I typically spend around 10 hours crafting a 400-word LinkedIn profile or a piece of marketing text. Generally, something quite wonderful, nuanced and effective is created. (Not my words, but my clients’).
Sometimes, however, I feel like the character Elijah Price (Samuel L. Jackson), a comic-book art dealer in the film Unbreakable when a customer wants to buy a $5000 collector’s edition comic for his young son’s birthday. That’s like giving crayons to a toddler two feet away from the Mona Lisa. Outraged, Price took the comic back and threw the customer out of his shop.
Sometimes I wish I could take a profile back and tear it up because some of my clients stick a cheap frame around it. It’s akin to putting a bumper sticker on a Rolls-Royce or a R60.00 frame around the Mona Lisa.
The rest of their marketing collateral is a mess of mundane, moronic mediocrity wrapped in a blanket of incongruity. Nothing matches and there’s no golden thread holding their brand together. Their websites look different to their LinkedIn profiles, which look different to their Facebook profiles and so on.
Sly and Predatory
Their messaging is inconsistent and unrecognisable as a cohesive entity. More telling is that there’s an inauthenticity to the whole enterprise and something sly and predatory. They have no idea how to attract clients that value them and how to discourage those that don’t.
Then, there’s just plain old bad taste. It’s like comparing ‘old money’ to ‘new money’. Old money is comfortable in its skin because it has lived there longer and has little to prove. New money seems to be trying too hard … there’s something a bit off about it. It’s garish, gaudy and needy.
Some entrepreneurial brands are like tripping on bad LSD in a China Mall … the smell of cheapness, the eye-searing sea of unimaginably poor quality and the stink of sweatshop slaves oozing out of every square metre of floor space, is enough to make one throw up.
There’s no elegance and eloquence to the whole affair.
Why is cheap frame marketing so prevalent? There are many reasons, and I’m only touching on one.
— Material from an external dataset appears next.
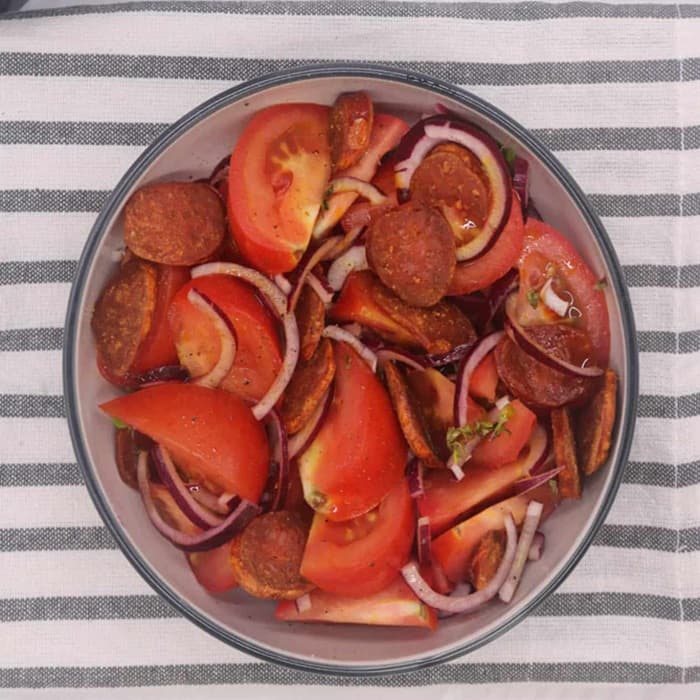 Salade met chorizo en tomaat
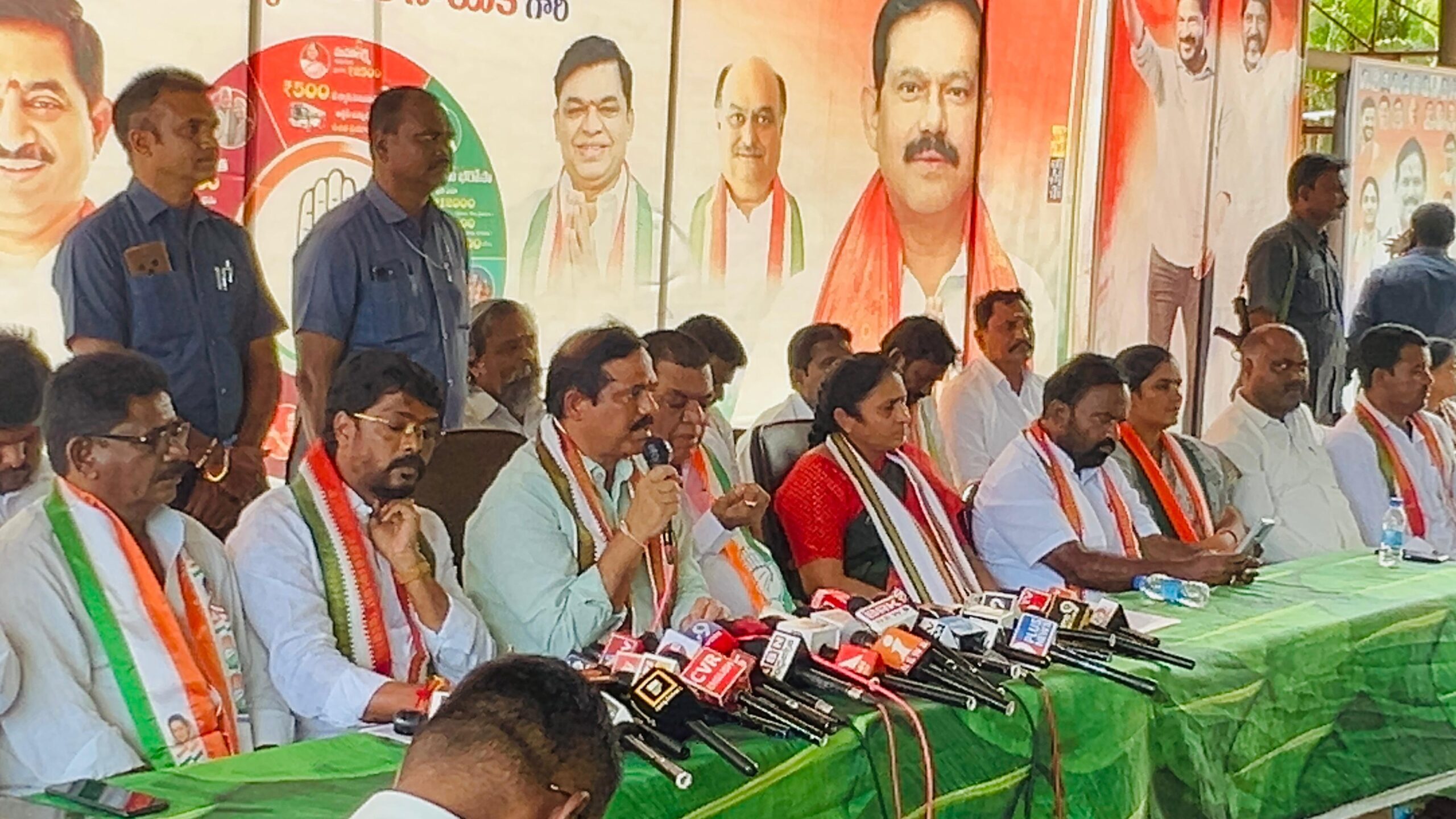 అభివృద్ధికి కేరాఫ్ కాంగ్రెస్ : ఎంపీ అభివృద్ధికి కేరాఫ్ కాంగ్రెస్ : ఎంపీ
Many business owners don’t think that marketing is everything and that everything is marketing. They think that it is something that one bolts onto one’s overall business strategy. They think that it’s a department. When last did you see the Marketing Director carry as much weight as the Financial Director. I’d contend; never! Marketing is not taken seriously (it’s something one does not something one is). Often there’s no coherent, long game strategy but a ‘look, something shiny’ strategy. As a consequence, the marketing strategy (to be more precise, tactics) are pulled in different directions by the vagaries of the ‘marketing gurus’ and the current new thing. Today funnel marketing is in vogue. Next month it’ll be podcasts, and the month after that LinkedIn marketing, or the Creator help us, TikTok.
What Is Marketing?
Marketing isn’t a spammy email funnel affair trying to get as much share of wallet as possible. It’s an authentic manifestation of how a business shows up in the world. Or, even more fundamental; how you and I show up. It’s about being useful. It’s about playing nice in the world. It’s about figuring out how one can give to the transaction, rather than what one can get from it. It’s about asking, “How can we serve our customers today?”, rather than saying, “How can we close more deals today?” It’s an authentic representation of the value you provide to the world and how useful you are to those who interact in it.